▸ EXERCISE PROMPT:
Give back an exact repetition of the material below, from its first line through the line that contains "TrasContraste's tweet photo.", both included, minus the pictures.

(INFORMATION SHOWN Opens)

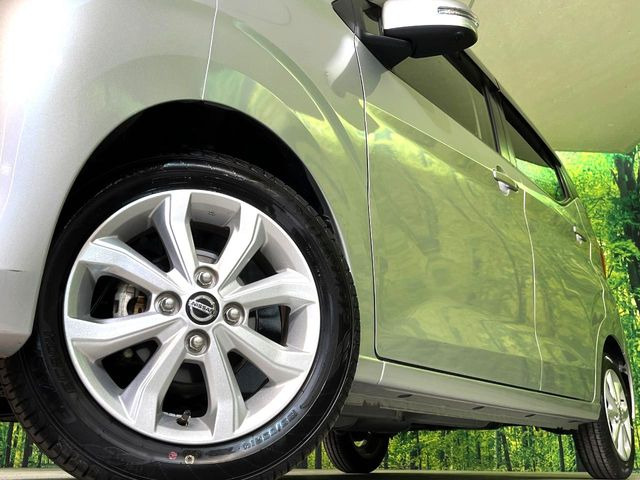 �O�ςɃ}�b�`���������A���~�z�C�[���𑕒����Ă���܂��B�e��ЊO�A���~�z�C�[����A�X�^�b�h���X�^�C�����戵�����Ă���܂��B���񂲑��k����������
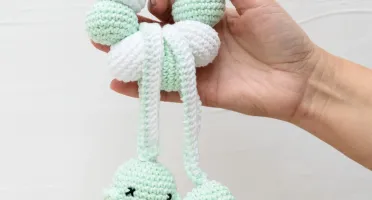 Chocalho de Bebê Amigurumi Crochê Verde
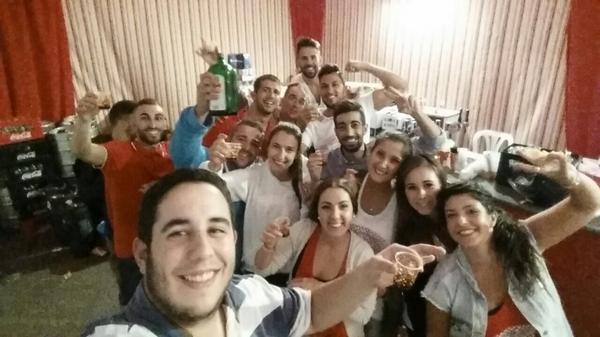 TrasContraste's tweet photo. Nos despedimos de vosotros con esta foto⚪️❤️⚪️❤️

Gracias a todos los que habéis hecho posible estos días magicos✨ http://t.co/X9wXJ60C7q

(INFORMATION SHOWN Closes)

▸ OUTPUT OF THE EXERCISE:
 �O�ςɃ}�b�`���������A���~�z�C�[���𑕒����Ă���܂��B�e��ЊO�A���~�z�C�[����A�X�^�b�h���X�^�C�����戵�����Ă���܂��B���񂲑��k����������
 Chocalho de Bebê Amigurumi Crochê Verde
 TrasContraste's tweet photo. Nos despedimos de vosotros con esta foto⚪️❤️⚪️❤️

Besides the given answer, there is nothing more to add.